To regulate your body temperature all day, dress in soft, thin layers that you can easily add and remove. As a rule, a three-layer system works best, whether you’re dressing for a conference or a 5K run. The base layer wicks, or draws, moisture away from the skin; the second layer traps warm air, insulates, and absorbs perspiration passed through the base layer. And the third, outer, layer of clothing releases moisture into the air while blocking wind and rain. Besides eliminating bulk, multiple thin layers outperform one thick layer in several ways: trapping air (an excellent insulator) between the layers, letting perspiration move through more efficiently, and allowing freedom of movement.
Whatever situation you’re dressing for, if your goal is to keep warm, never wear cotton underwear or socks. Cotton loses much of its insulating ability when wet. Instead, wear underpants made of polypropylene, CoolMax, or Capilene, and socks made from Dri-Fit, wool, or cashmere.
- For work: Wool and silk are two of nature’s most effective insulators. Wool adds lightweight warmth and draws moisture from the skin. Silk is the strongest, smoothest natural fiber and also wicks moisture. Together they offer luxury and classic style—just right for the office. Look for silk tights (they’re porous, and they trap heat) and light wool sweaters (the thinner they are, the more smoothly they will drape).
- For the weekend: Casual weekend wear usually means jeans or sweats. But in cold weather, cotton is the kiss of death. It soaks up moisture and stays damp for hours. Instead, wear soft synthetics close to the body and add a sweater and a wind- and rain-resistant coat. A merino wool sweater will keep you cozy; top it with a light, water-resistant quilted jacket.

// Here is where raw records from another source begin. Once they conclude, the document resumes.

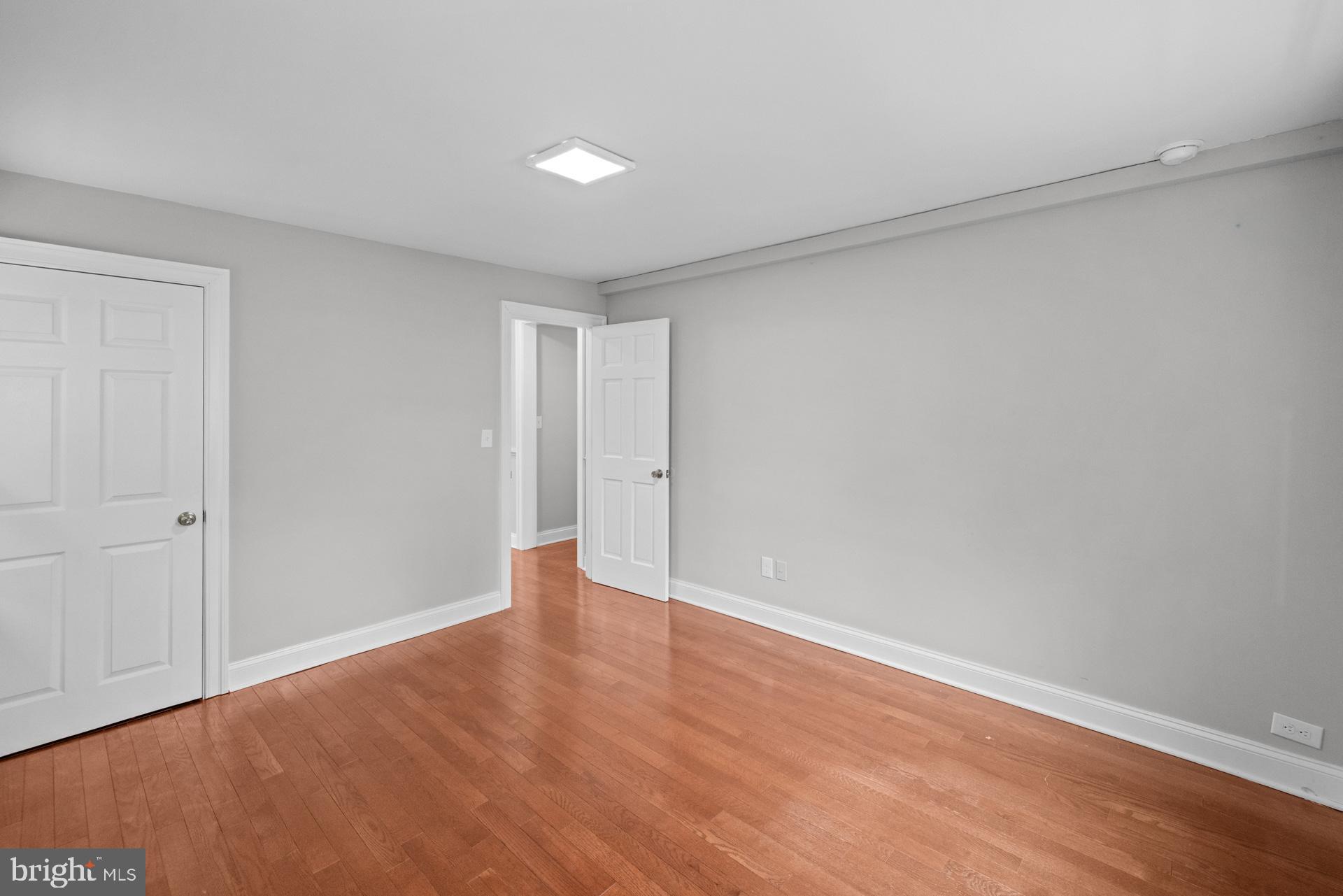 HOLLYWOOD - Residential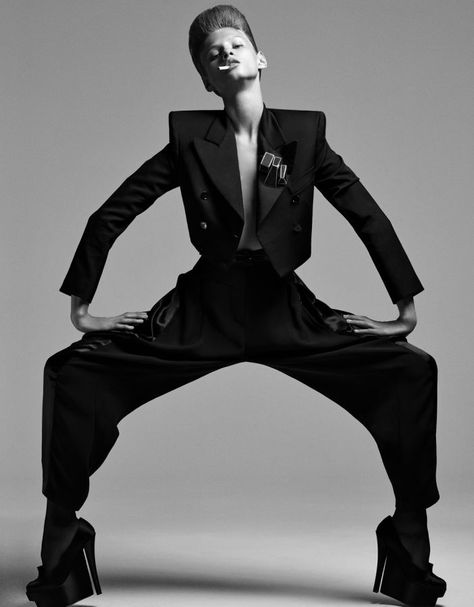 Anna Selezneva by Heidi Slimane for Vogue Paris, April 2008 Structure Clothing, Vogue Poses, Anna Selezneva, High Fashion Poses, Mode Editorials, Fashion Model Poses, High Fashion Photography, Model Pose, 사진 촬영 포즈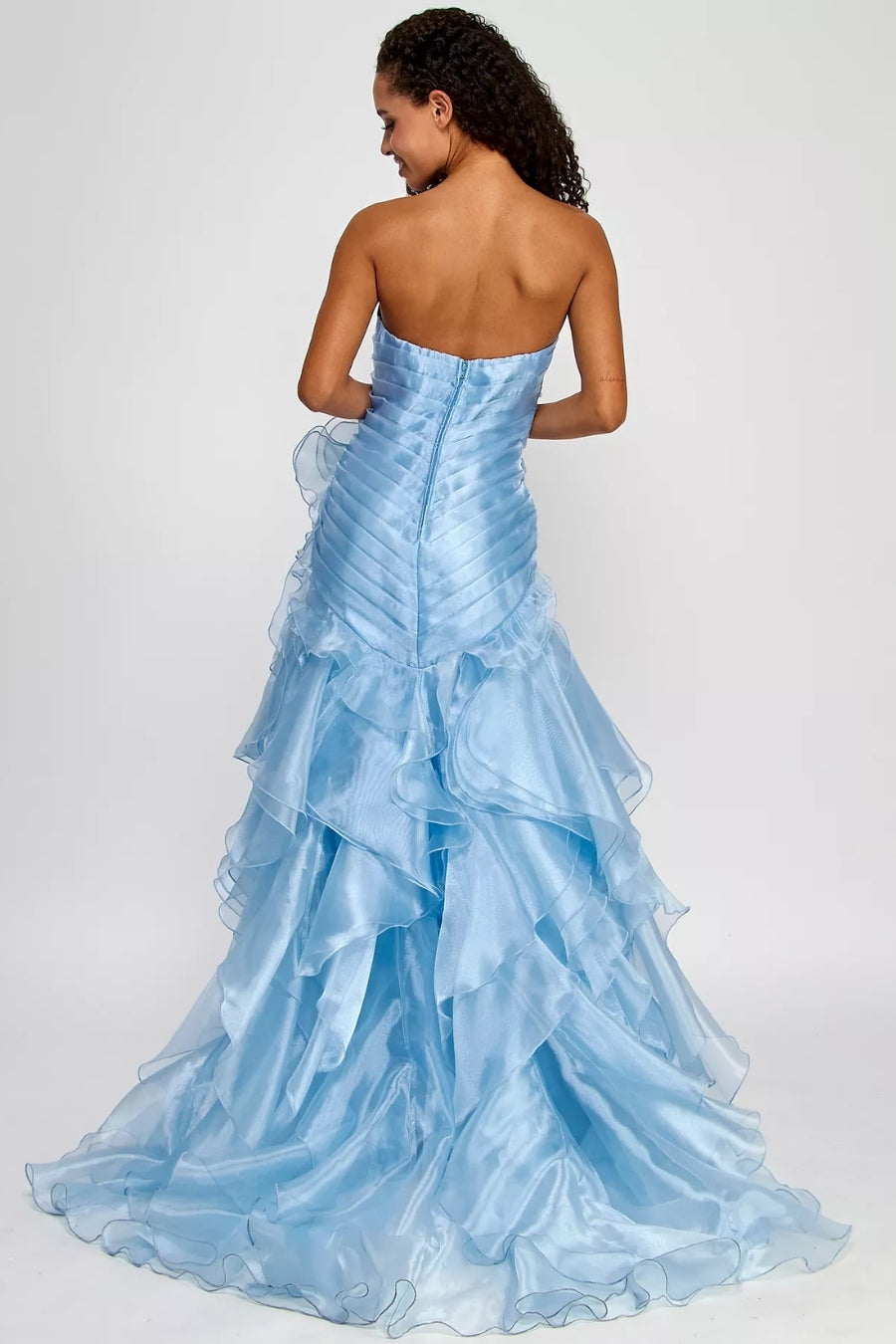 Vestido Largo Azul Strapless con Volantes | $1,000 pz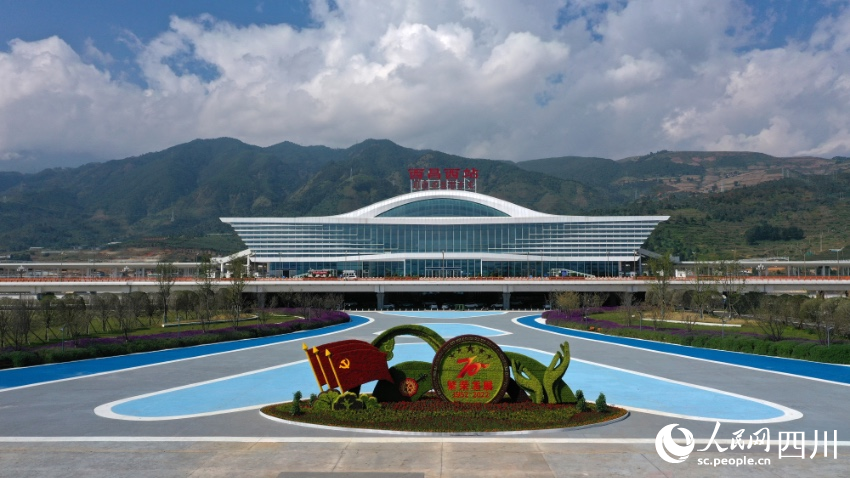 成昆鐵路復(fù)線在涼山境內(nèi)經(jīng)過甘洛、越西、喜德、冕寧、西昌、德昌6縣（市），橋隧比達到88%，建成通車后，西昌至成都只需3個多小時。圖為西昌西站。趙亮攝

- For exercise: When dressing in layers for outdoor exercise, three points are crucial: First, every layer, including the outermost one, must breathe, so sweat doesn’t get trapped. Second, the outer layer has to be wind- and rain-resistant. And, third, don’t overdress. You should feel chilly during the first leg of a run or bike ride, then warm up gradually. Try a long-sleeve shirt and thermal tights that feel soft and dry against the skin, even when you’re perspiring. On mild winter days, protect against the elements with a windbreaker. When the temperature falls between 40 degrees and 55 degrees, wear a fleece vest as a second layer. It draws moisture from the base layer and won't restrict arm movement. If the temperature drops below 40, wear a long-sleeve fleece jacket as a second layer. Look for one with a hood, since a great deal of body heat is lost through the head. The lower the temperature, the thicker the outer layer should be.